Turning to Hwan, he said, “Let her go.” He didn’t speak in a deferential tone, as a cadet to a captain, but in a hollow, detached voice, as one of the dead to one of the living. He rested his insubstantial hand atop the captain’s, which was still wrapped around my arm. The chill bit my skin. Surely the captain felt it, too.
“Captain, sir,” Haneul said unexpectedly, her voice shaking, “we’ve already been cursed by enough bad luck. Don’t you think it would be better for us to do what the ghosts want?”
Sujin hesitated, then nodded. “Haneul’s right, sir,” they said. They were carefully avoiding my eyes.
“But it would be such a waste,” Hwan said almost under his breath. “When I think of what the Pearl could do . . .”
His grip on me tightened, and I thought his next act would be to strangle me then and there. In anticipation, the breath stopped in my throat.
Jun said, “This is your chance to bring honor to the Space Forces, Captain. And some measure of peace. If nothing else, do it for your lost comrade, Myung.”
Hwan went still at the sound of her name. Then, suddenly, he exhaled explosively and let me go. I almost dropped the Pearl out of sheer surprise.
I whispered to the orb before Hwan could change his mind. “Let’s do this together,” I said.

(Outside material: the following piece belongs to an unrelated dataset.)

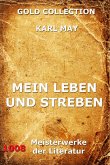 Mein Leben und Streben (eBook, ePUB)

Its soft, swirling light enveloped me, and warmth spread through my body. Even the pain in my injured shoulder felt distant. “Let’s make a proper grave for the dead.”

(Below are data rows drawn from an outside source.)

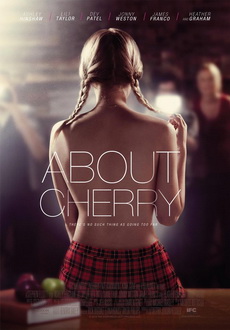 "About Cherry" (2012) LIMITED.BDRip.XviD-PHOBOS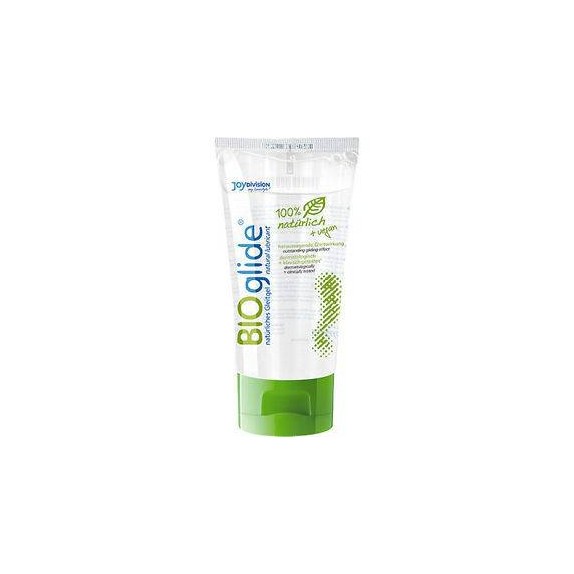 BIOGLIDE LUBRIFICANTE BIOLOGICO INTIMO 40ML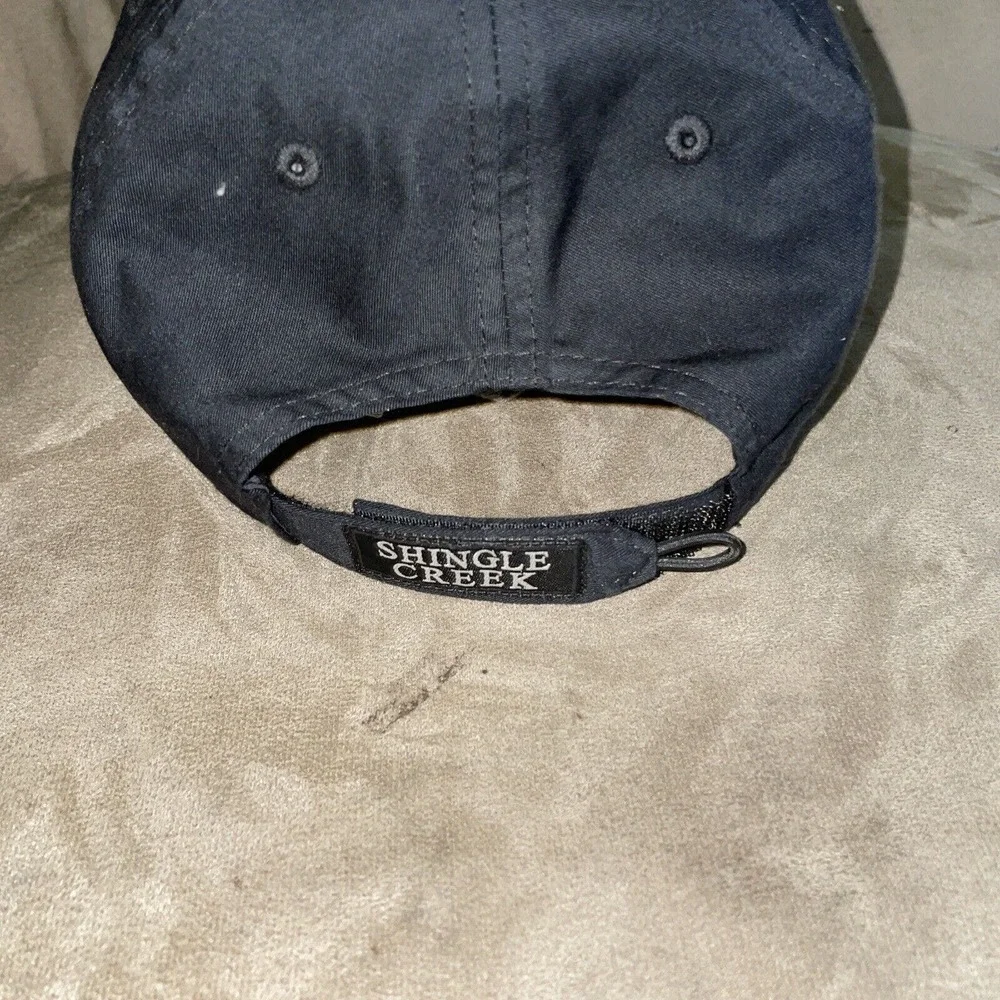 Men's‎ Arnold Palmer Shingle Creek Golf Club Orlando Florida Embroidered Hat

The ghosts’ spokeswoman floated up to the four of us. “Swear on the bones of your brother,” she said to me. To Captain Hwan: “Swear on the bones of your comrade.” And at last, Eui said to Haneul and Sujin, “Swear on the bones of Jang, who was your friend.”

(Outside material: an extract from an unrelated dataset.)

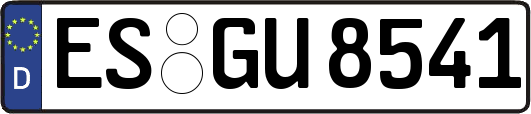 ES-GU8541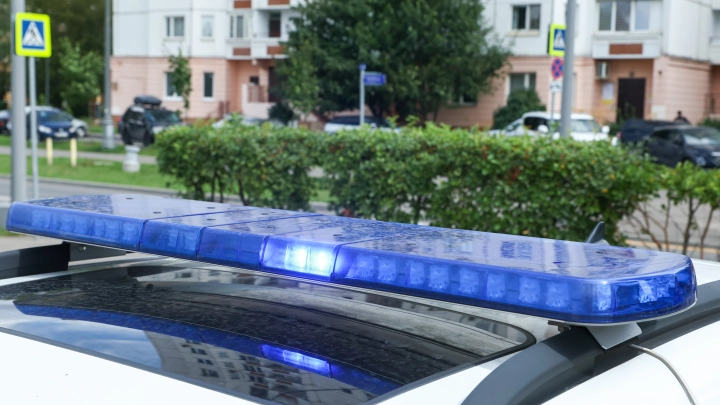 В Белгороде сотрудницу полиции поймали с 6 кг наркотиков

I shuddered as her words reverberated through me. If I broke such an oath, I could expect my own ghost to wander until I found some way to redeem myself.
“I swear,” I said. “I swear on my brother Jun’s bones”—I heard him sigh quietly—“and on the bones of all my ancestors, and on the bones of everyone who has died for the Pearl.”
The others murmured their oaths as well.
For a few moments, nothing happened. I held my breath in dread. What if we’d been doomed by my overconfidence, and Captain Hwan had been right after all? Would the ghosts swarm us?
Then the Pearl hummed as if in approval, its iridescent surface glowing so brightly I was dazzled. Its colors swirled in a maelstrom of glimmering blues, greens, and grays lit by starry gleams of silver. I stared at it, enthralled by its beauty. A questing presence moved inside my mind, and in response I held out the Pearl. My living companions formed a ring around it, moving slowly as though hypnotized. Haneul’s eyes had gone soft with wonder, and even Sujin looked less angry. As for Captain Hwan, something like peace touched his face.
The Dragon Pearl’s radiance reflected in everyone’s eyes. I almost closed mine, but I wanted to see what would happen next. Haneul started a chant to the spirits of wind and water, wood and earth and metal.
The ghosts took up Haneul’s song. Their voices wove together in an intricate harmony. The wind rose as well, and in its howl I heard phantom drums. Captain Hwan’s human soldiers clustered near us, seeking protection from the terraforming magic.
A false dawn started to brighten the horizon. As the rainy mist eased, I could see a couple of the Fourth Colony’s moons floating. Then all the clouds scudded away until the sky was clear in every direction.